No olhar para o passado, Filipe Costa diz ainda que “foram dois anos muito positivos. Não podemos esquecer que foi um projeto criado de raiz, o que exigiu muito trabalho/ dedicação, não só da minha parte, enquanto maestro, mas também da parte dos elementos que compõem os dois coros e, ainda, da Direção da Associação Cultural FazCorus de Fazendas de Almeirim. Costuma dizer-se que ter ideias é fácil, o mais difícil é pô-las em prática. No entanto, hoje posso afirmar que estes dois coros já têm bastante visibilidade na região, quer pela qualidade, quer pela forma como se apresentam em público. Note-se que as suas apresentações poderão surgir em forma de concerto/espetáculo, com produção de audiovisuais – direcionada para cineteatros – ou então numa forma mais simples, adequada a espaços mais solenes, como é o caso das Igrejas. É de referir que só na passada época natalícia, no espaço de duas semanas, os dois coros realizaram cinco concertos, o que demonstra que o trabalho que tem sido desenvolvido já deu alguns frutos. Refira-se que alguns dos concertos realizados tiveram lugar nos concelhos do Fundão e da Covilhã. Em dois anos de existência, foram apresentados quatro concertos completamente diferentes a nível musical. Já abordámos música tradicional portuguesa, Xutos e Pontapés e música nacional das décadas de 80/90. A ideia é apresentar dois concertos ao longo de cada ano, proporcionando ao público o contacto com várias vivências musicais”.

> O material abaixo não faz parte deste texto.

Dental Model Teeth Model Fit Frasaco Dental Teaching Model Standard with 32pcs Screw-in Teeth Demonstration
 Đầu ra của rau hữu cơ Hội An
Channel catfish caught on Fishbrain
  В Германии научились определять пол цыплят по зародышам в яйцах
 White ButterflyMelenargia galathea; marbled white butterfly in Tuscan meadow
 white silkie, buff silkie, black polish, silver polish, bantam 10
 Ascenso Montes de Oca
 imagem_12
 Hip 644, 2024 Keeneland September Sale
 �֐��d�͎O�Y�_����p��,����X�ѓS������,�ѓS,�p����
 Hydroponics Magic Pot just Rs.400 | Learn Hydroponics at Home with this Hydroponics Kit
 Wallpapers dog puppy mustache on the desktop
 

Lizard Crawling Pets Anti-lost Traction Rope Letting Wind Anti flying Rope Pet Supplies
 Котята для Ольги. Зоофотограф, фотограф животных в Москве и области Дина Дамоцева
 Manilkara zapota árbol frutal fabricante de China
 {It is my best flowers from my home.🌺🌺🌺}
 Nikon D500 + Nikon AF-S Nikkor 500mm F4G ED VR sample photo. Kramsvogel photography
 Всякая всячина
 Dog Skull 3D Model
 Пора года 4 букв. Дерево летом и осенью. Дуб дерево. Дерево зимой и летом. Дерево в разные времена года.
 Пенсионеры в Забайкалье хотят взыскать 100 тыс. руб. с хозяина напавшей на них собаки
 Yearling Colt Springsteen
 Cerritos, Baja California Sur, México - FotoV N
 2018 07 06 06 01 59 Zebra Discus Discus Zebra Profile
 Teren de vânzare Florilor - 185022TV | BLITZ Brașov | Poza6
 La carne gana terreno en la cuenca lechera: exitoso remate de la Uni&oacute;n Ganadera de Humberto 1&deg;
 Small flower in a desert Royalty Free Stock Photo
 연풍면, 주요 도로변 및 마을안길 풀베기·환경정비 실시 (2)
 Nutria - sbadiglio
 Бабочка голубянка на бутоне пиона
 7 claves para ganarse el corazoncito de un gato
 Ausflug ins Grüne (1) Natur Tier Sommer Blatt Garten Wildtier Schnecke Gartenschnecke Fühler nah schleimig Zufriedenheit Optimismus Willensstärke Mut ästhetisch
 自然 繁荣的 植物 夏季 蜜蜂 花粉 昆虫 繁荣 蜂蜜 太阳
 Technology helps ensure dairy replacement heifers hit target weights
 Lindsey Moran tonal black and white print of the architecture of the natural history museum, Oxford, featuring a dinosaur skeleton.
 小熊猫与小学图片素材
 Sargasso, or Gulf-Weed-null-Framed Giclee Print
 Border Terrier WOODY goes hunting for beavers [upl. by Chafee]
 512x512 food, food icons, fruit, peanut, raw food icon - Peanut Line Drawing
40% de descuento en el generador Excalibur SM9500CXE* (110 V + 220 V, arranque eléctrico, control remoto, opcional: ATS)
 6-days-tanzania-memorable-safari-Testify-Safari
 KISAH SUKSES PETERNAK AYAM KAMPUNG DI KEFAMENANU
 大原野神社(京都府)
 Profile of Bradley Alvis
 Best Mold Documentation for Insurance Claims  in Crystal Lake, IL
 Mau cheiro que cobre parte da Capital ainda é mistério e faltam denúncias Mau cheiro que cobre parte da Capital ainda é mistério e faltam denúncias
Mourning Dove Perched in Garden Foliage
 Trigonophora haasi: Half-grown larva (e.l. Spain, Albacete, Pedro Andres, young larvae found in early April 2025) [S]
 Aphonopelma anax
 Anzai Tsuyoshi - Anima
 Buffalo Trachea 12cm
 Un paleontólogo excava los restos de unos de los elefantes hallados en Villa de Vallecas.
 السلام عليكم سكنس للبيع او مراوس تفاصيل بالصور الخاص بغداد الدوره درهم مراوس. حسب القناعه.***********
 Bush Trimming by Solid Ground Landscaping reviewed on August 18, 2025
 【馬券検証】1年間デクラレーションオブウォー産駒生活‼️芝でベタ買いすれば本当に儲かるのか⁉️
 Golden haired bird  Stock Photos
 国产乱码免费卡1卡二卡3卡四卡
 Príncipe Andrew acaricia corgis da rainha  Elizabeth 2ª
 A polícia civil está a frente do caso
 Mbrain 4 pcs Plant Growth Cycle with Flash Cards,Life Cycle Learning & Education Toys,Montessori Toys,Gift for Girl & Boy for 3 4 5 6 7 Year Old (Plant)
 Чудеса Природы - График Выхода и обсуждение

O Maestro e diretor do Coro não deixa de recordar que “sem apoios é impossível “sobreviver” e, neste sentido, agradecemos à Câmara Municipal de Almeirim, à Junta de Freguesia de Fazendas de Almeirim e também à Claudisom, por acreditarem em nós e sempre nos apoiarem”. Para o futuro, diz Filipe Costa que é “possível melhorar sempre. No mundo da música é muito importante ser humilde e aceitar que nem tudo está perfeito e é para isso que servem os ensaios que realizamos semanalmente. Em cada ensaio vamos limando as arestas que estão menos perfeitas. Só assim é possível evoluir, quer a nível vocal quer a nível do repertório. Na minha opinião, a evolução é fundamental para o crescimento. Não nos podemos cingir apenas ao que já foi feito. É fundamental pensar fazer cada vez mais e melhor, tendo em conta a satisfação do público e não esquecendo que quando subimos ao palco, onde quer que seja, representamos a nossa terra e o nosso concelho, o que acarreta para nós uma enorme responsabilidade. Quanto ao futuro, o maestro revela que “Há muitos desafios. Concretizá-los, por vezes, é o mais difícil. Todos sabemos que para tudo é preciso dinheiro e, infelizmente, há pouco. Posso deixar aqui um dos desafios do Presidente da Direção da nossa Associação, Gonçalo Silva, – formar uma escola de música”. Mas também ambicionam “um ano em cheio seria ter uma agenda recheada de concertos, aumentar o número de elementos dos dois coros e, sobretudo, continuar a contar com a presença do público, que sempre nos tem apoiado.”